Across the 14 programs that make up the retrospective, the filmmakers’ work speaks of turning points – at times of a sociopolitical nature, at others of an artistic nature. In doing so, they all break with the cinematographic conventions of their predecessors, each in their own way. Together, we experience their voices, brimming with a desire for departure and expression.
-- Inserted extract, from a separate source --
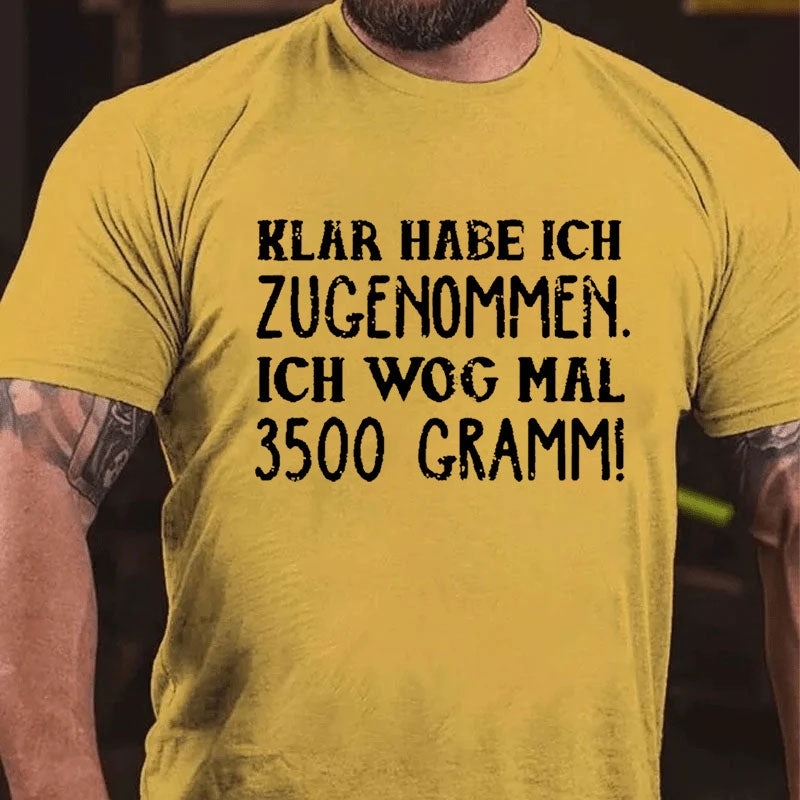 Klar habe ich zugenommen ich wog mal 3500 Gramm T-Shirt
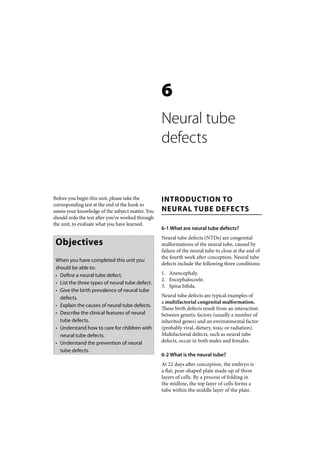 6
                                                   Neural tube
                                                   defects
No other country produced more films during the 1950s than India – and yet, they were hardly noticed on an international level. This changed abruptly with Satyajit Ray's ›Pather Panchali‹ (1955). The film was celebrated the world over, including in Mannheim. The lyrical narrative style, strongly inspired by Italian neorealism, was not only influential for Indian cinema. And in the years that followed, many other countries also experienced new waves: France, most prominently and influentially, but also England, Iran and Czechoslovakia, among others.
In the USA, independent cinema formed around John Cassavetes, emerging as a precursor of New Hollywood. Haskell Wexler's ›Medium Cool‹ (1969), which won the Grand Prize of the City of Mannheim, climaxes with the riots of the Democratic National Convention and shows the USA in turmoil. At the same time, in Germany, Edgar Reitz, Adolf Winkelmann, Günter Peter Straschek, and Danièle Huillet and Jean-Marie Straub also sought new aesthetic means of addressing the sociopolitical upheavals of the FRG. The Oberhausen Manifesto heralds the New German Cinema. These are years marked by an overwhelming desire to experiment. The search was no longer for stars to place in front of the camera; the filmmakers realized that the camera itself had become the real star.
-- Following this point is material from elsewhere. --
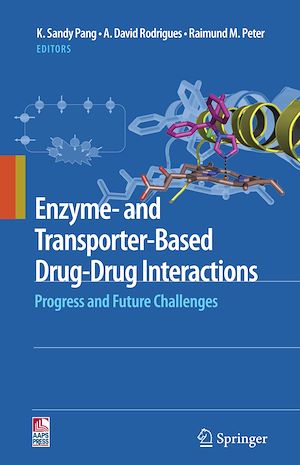 Téléchargez le livre :  Enzyme- and Transporter-Based Drug-Drug Interactions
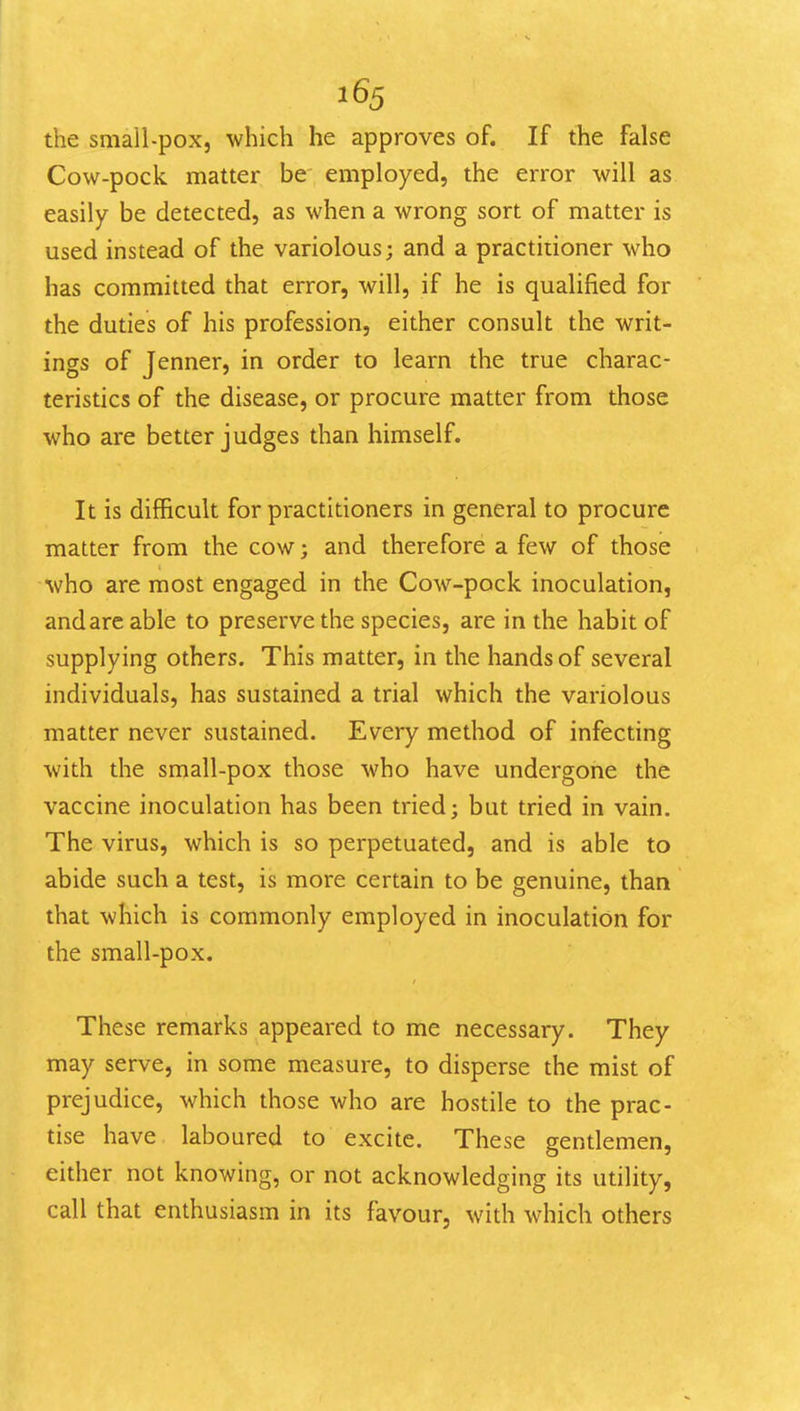 the small-pox, which he approves of. If the false Cow-pock matter be employed, the error will as easily be detected, as when a wrong sort of matter is used instead of the variolous; and a practitioner who has committed that error, will, if he is qualified for the duties of his profession, either consult the writ- ings of Jenner, in order to learn the true charac- teristics of the disease, or procure matter from those who are better judges than himself. It is difficult for practitioners in general to procure matter from the cow; and therefore a few of those who are most engaged in the Cow-pock inoculation, and are able to preserve the species, are in the habit of supplying others. This matter, in the hands of several individuals, has sustained a trial which the variolous matter never sustained. Every method of infecting with the small-pox those who have undergone the vaccine inoculation has been tried; but tried in vain. The virus, which is so perpetuated, and is able to abide such a test, is more certain to be genuine, than that which is commonly employed in inoculation for the small-pox. These remarks appeared to me necessary. They may serve, in some measure, to disperse the mist of prejudice, which those who are hostile to the prac- tise have laboured to excite. These gentlemen, either not knowing, or not acknowledging its utility, call that enthusiasm in its favour, with which others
From there, there’s two decades left until the end of the Cold War and the end of the retrospective. 1989: the political upheaval in the countries of the Eastern Bloc is in full swing when Volker Koepp shoots a documentary in Zehdenick, Brandenburg, about the decline of the local brick factory. ›Märkische Ziegel‹ (1989) is imbued with an omnipresent disillusionment. With this specific regional perspective on the fall of the Berlin Wall, Koepp proves himself to be a great chronicler of a watershed moment in history.
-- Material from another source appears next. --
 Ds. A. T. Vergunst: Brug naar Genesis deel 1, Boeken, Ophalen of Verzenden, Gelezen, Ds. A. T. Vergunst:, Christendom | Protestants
Finally, Abbas Kiarostami's ›The Experience’‹ (›Tadjrebeh‹, 1973), about a boy from a poor background who falls in love with a girl from an upper class neighborhood, is reminiscent of Ray's narrative approach and political awareness. Echoes of both can also be found in Manuela Serra's ›O Movimento das Coisas‹. This documentary emphasizes the role of women filmmakers at historical breaking points. Ula Stöckl's ›Neun Leben hat die Katze‹ (1967) is also considered a classic of feminist cinema, as is Gertrud Pinkus' ›The Woman's Greatest Value Is Her Silence‹ (›Il valore della donna è il suo silenzio‹, 1980). With Věra Chytilová's ›Something Different‹ (›O něčem jiném‹), the program also includes a film by one of the most important female directors of European cinema. Her work: angry political cinema that fiercely rattles the patriarchal status quo and, like the other filmmakers in this retrospective, joins in the upheavals and departures of her time through the means of cinema.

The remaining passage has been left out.